Each volunteer participated for his or her own reasons, one of which was to preserve the value of the American River.
"The parkway is so important because it's truly the crown jewel of this region," said Paul Stangis, recreational user of the river.
Since many of the volunteers use the parkway's resources they participated to give back to it. Among the pollutants found by volunteers were abandoned pairs of underwear, a door, a large rug, toaster ovens and drug paraphernalia.
"First we found a dead fish in a bag, and a bong under the bridge - it was crudely made with a pen, a little funnel thing and tin foil," said senior marketing major Pablo Baxter.
Another group of students found what appeared to be someone's residence.
"It was like a little makeshift home of someone's, with blankets, pants, magazines, a shirt and a sock," said sophomore economics major Kristina Vieira.

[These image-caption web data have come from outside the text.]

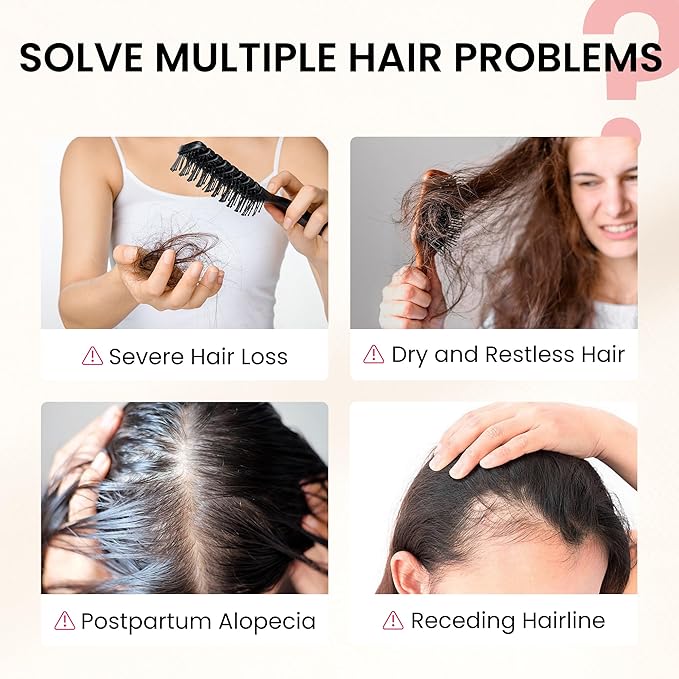 Hair Growth Supplement, Hair Care Support for Strength, Thickness Growth, with Biotin, Vitamin A, C, E, Zinc, 60 Capsules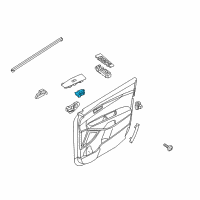 OEM 2018 Kia Sorento Power Window Assist Unit Assembly Diagram - 93576C6110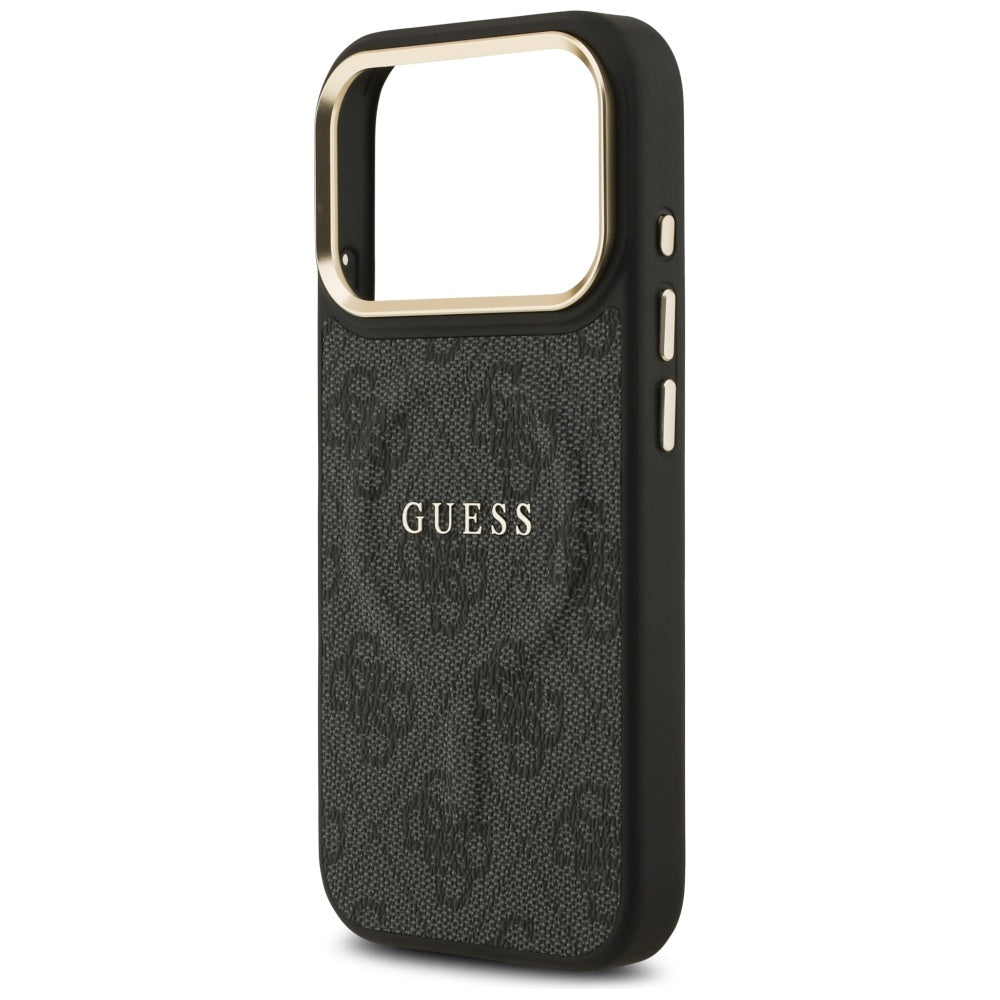 Guess 4G PU Classic Logo MagSafe case for iPhone 17 Pro - black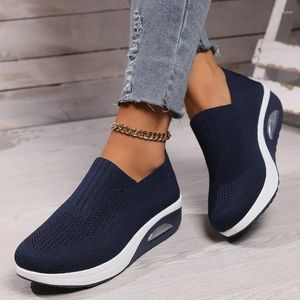 Freizeitschuhe Mode Air Cushion Dance Damen Slope Heel Anti Slip Sneakers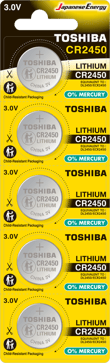 TOSHIBA CR 2450 LITHIUM 5Lİ PİL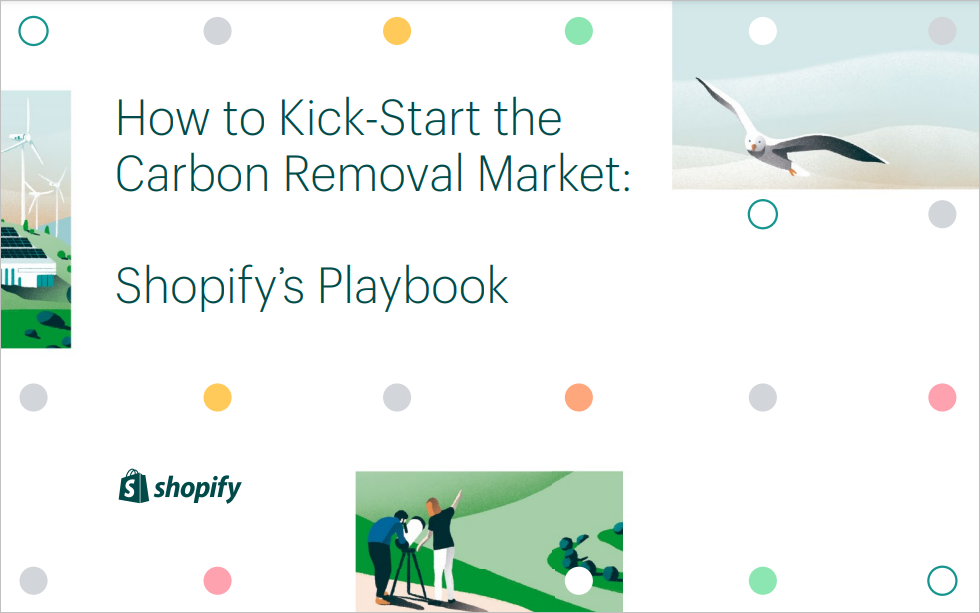 How to Kick-Start the Carbon Removal Market: Shopify’s Playbook cover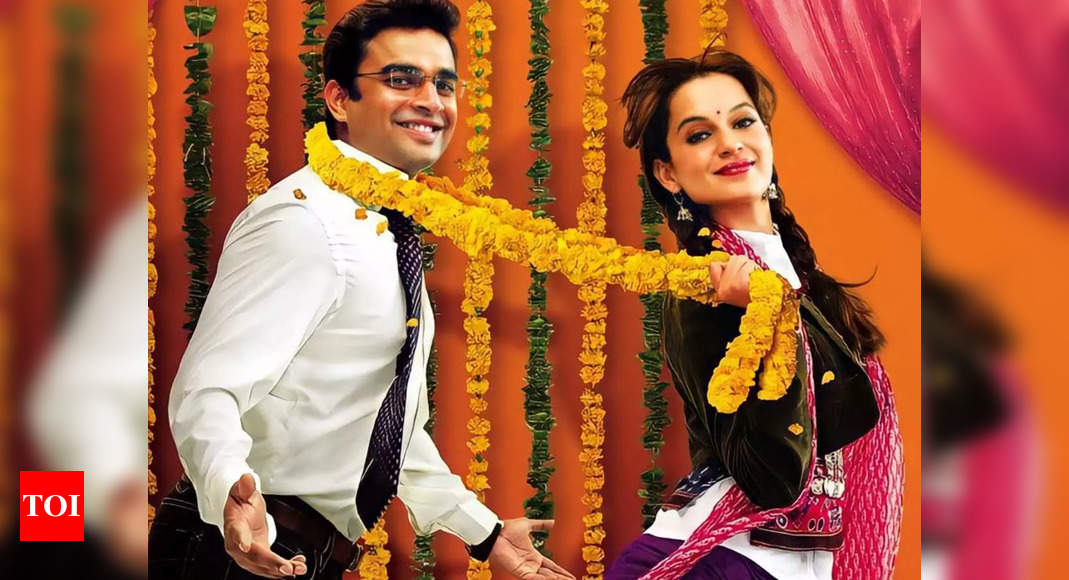 R Madhavan says he is in awe of Kangana Ranaut, calls her an extraordinary actor – Times of India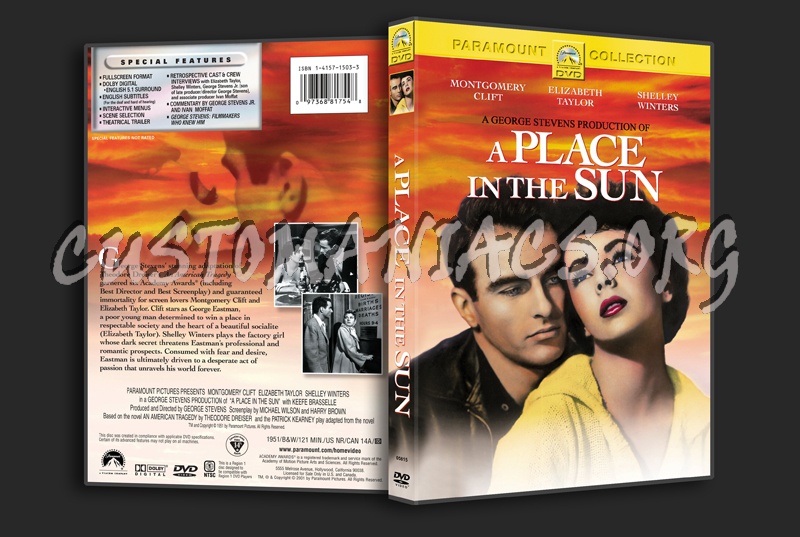 A Place in the Sun dvd cover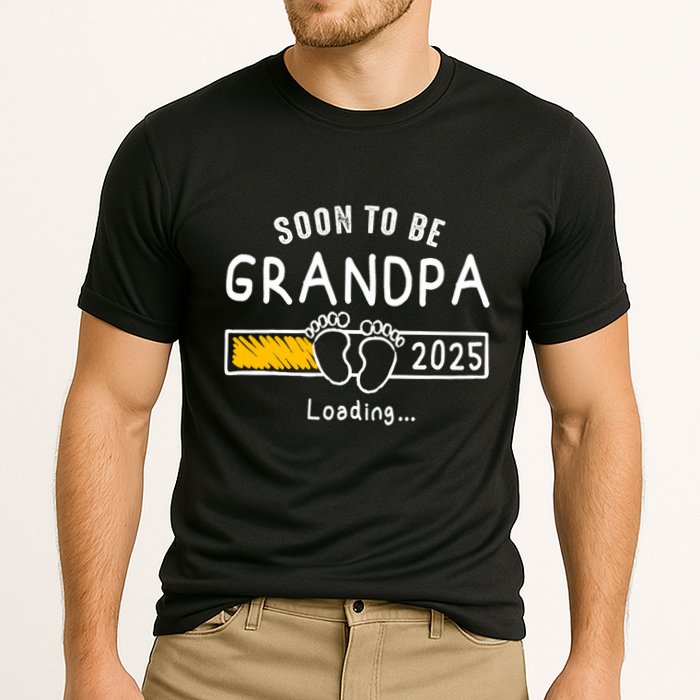 Soon To Be Grandpa 2025 Loading Promoted To Grandpa 2025 Performance Shirt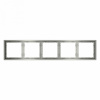 Рамка пластиковая VOLTUM S70 на 5 постов, (сталь)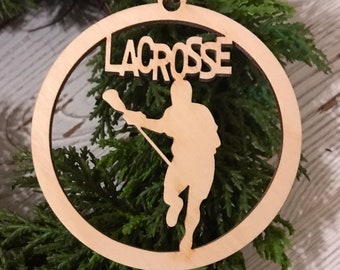 Lacrosse Tag Ornament - male
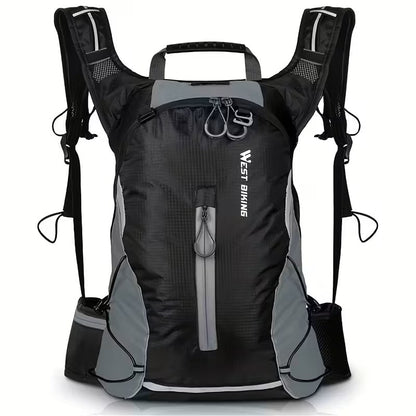 Mochila de Ciclismo 16L Ajustable y Transpirable Negra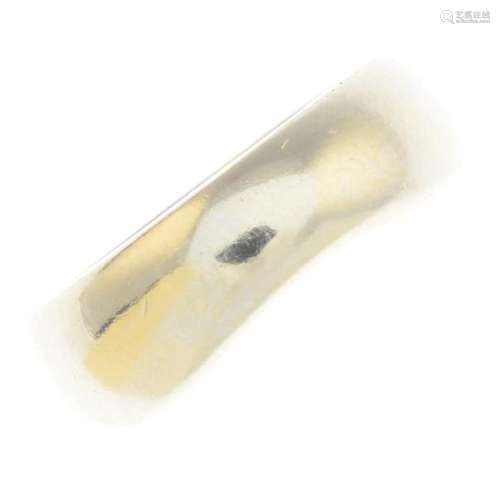 CARTIER - a band ring. Designed as a plain band, with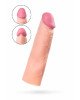 Насадка на член Toyfa A-Toys, SoftSkin, тілесний, 16,5 см Насадка на член Toyfa A-Toys, SoftSkin, тілесний, 16,5 см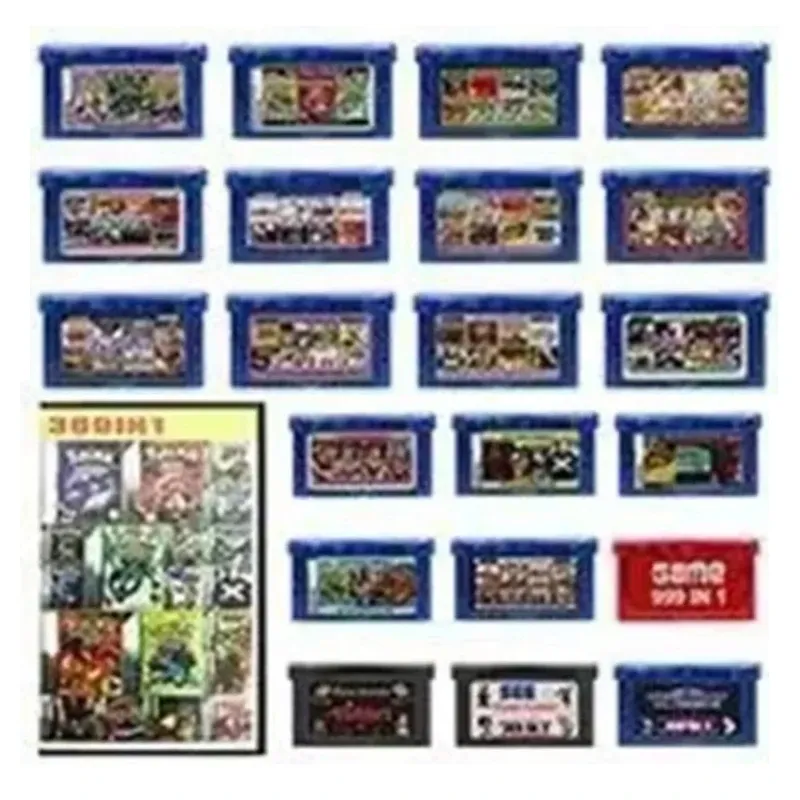 32-Bit-Videospielkonsolenkarte GBA-Spielkombikarte 999 in 1 12 in 1 369 in 1 EG001 EN002 Kombikarte für GBA/SP/DS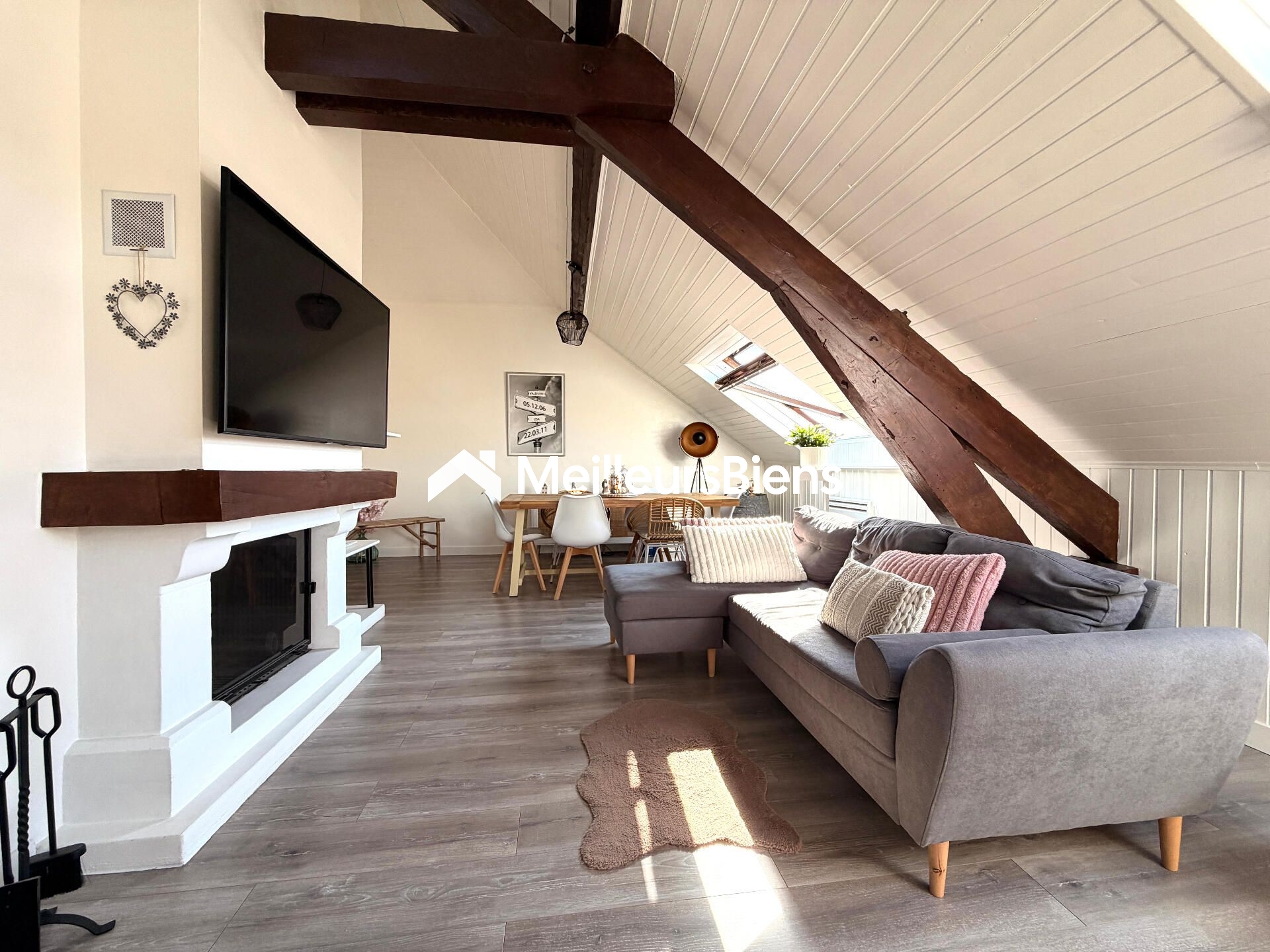 charmant T5 pièces à Belfort - 78 m² - 3 chambres - dernier étage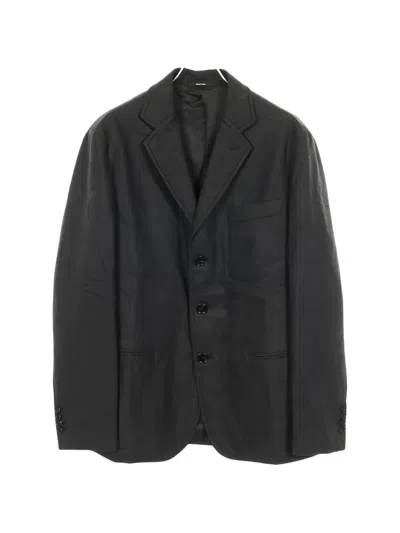 Pre-owned Hermes 2010s Tailored Cashmere Blazer In Gray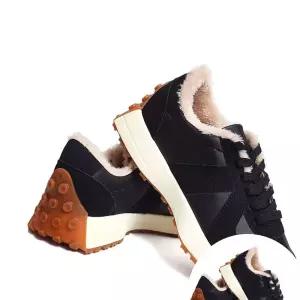 커플슬립온 남녀 공용 겨울철 커플 운동화 따뜻한 보온 방한 신발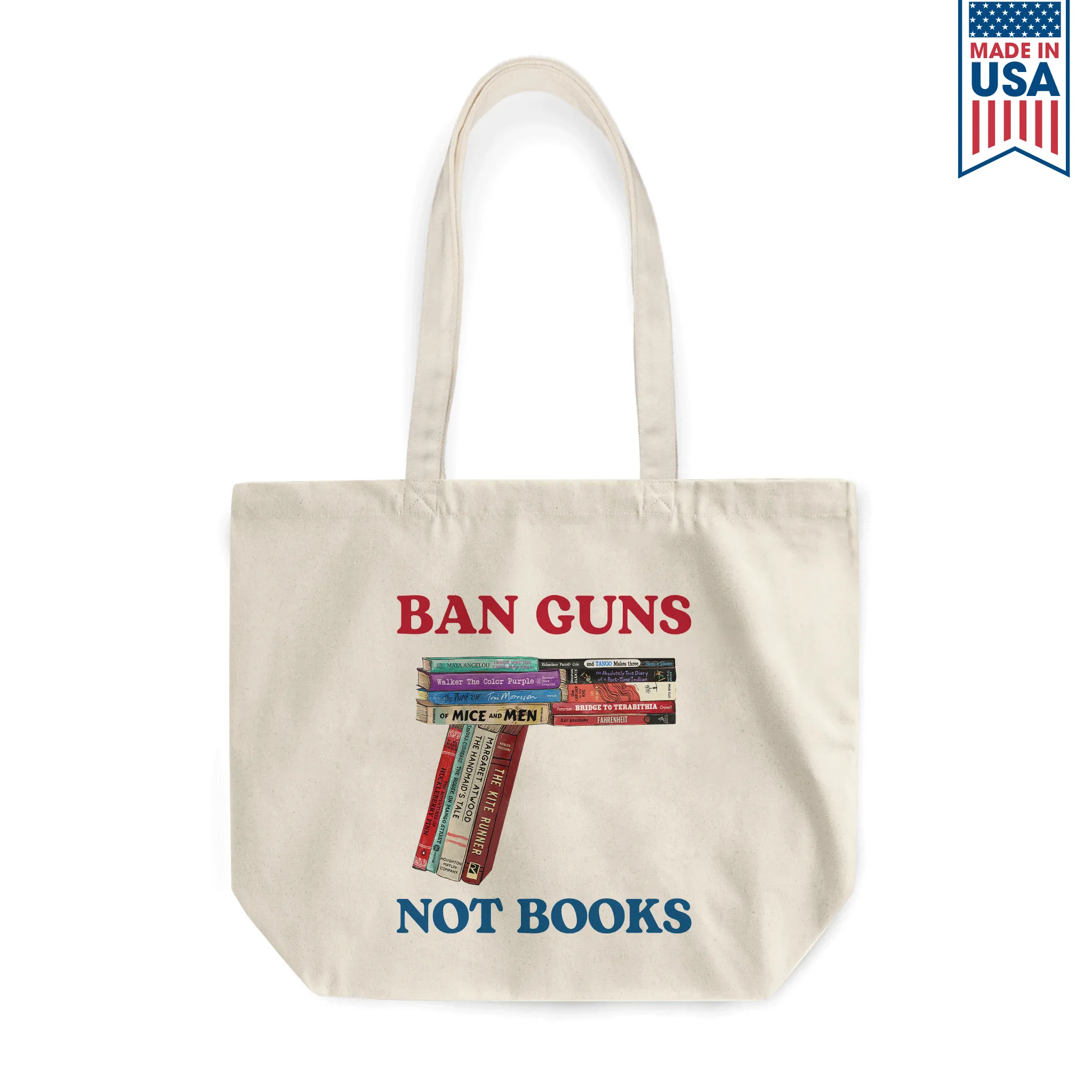 Ban Guns Not Books Book Lover Gift TBW187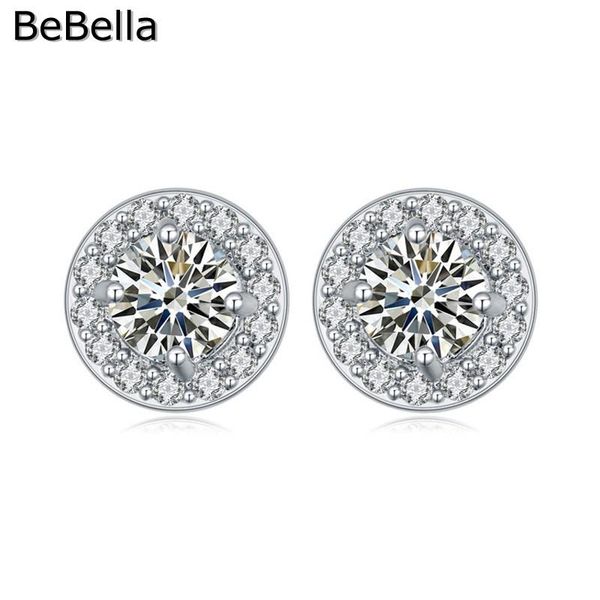 stud bebella romantic round shape woman earrings made with zirconia for wedding jewelry, Golden;silver
stud bebella romantic round shape woman earrings made with zirconia for wedding jewelry, Golden;silver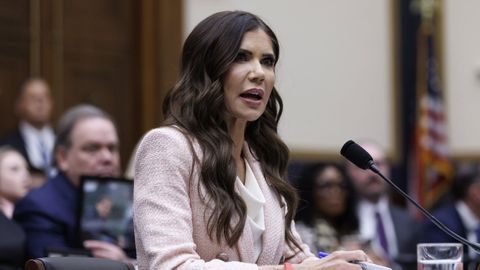 La hasta ahora�responsable de pol�tica migratoria,�Kristi Noem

The American River Parkway organizes the clean-up each year not only to keep the river clean, but to promote environmental responsibility among local residents. It was successful in that many volunteers participated to give back to the community and maintain the surroundings they utilize.
"We play a huge role in the environment because we are responsible for whatever is on the ground. Everything on the ground is man-made so we need to be responsible for picking it up," said sophomore psychology major Stephanie Gonzalez.
Berwick said she was excited to see the high turn-out.
"On behalf of the parkway foundation it's really exciting to see young folks participating and helping out so that they can take over this job when we get too old and tired to do it," Berwick said.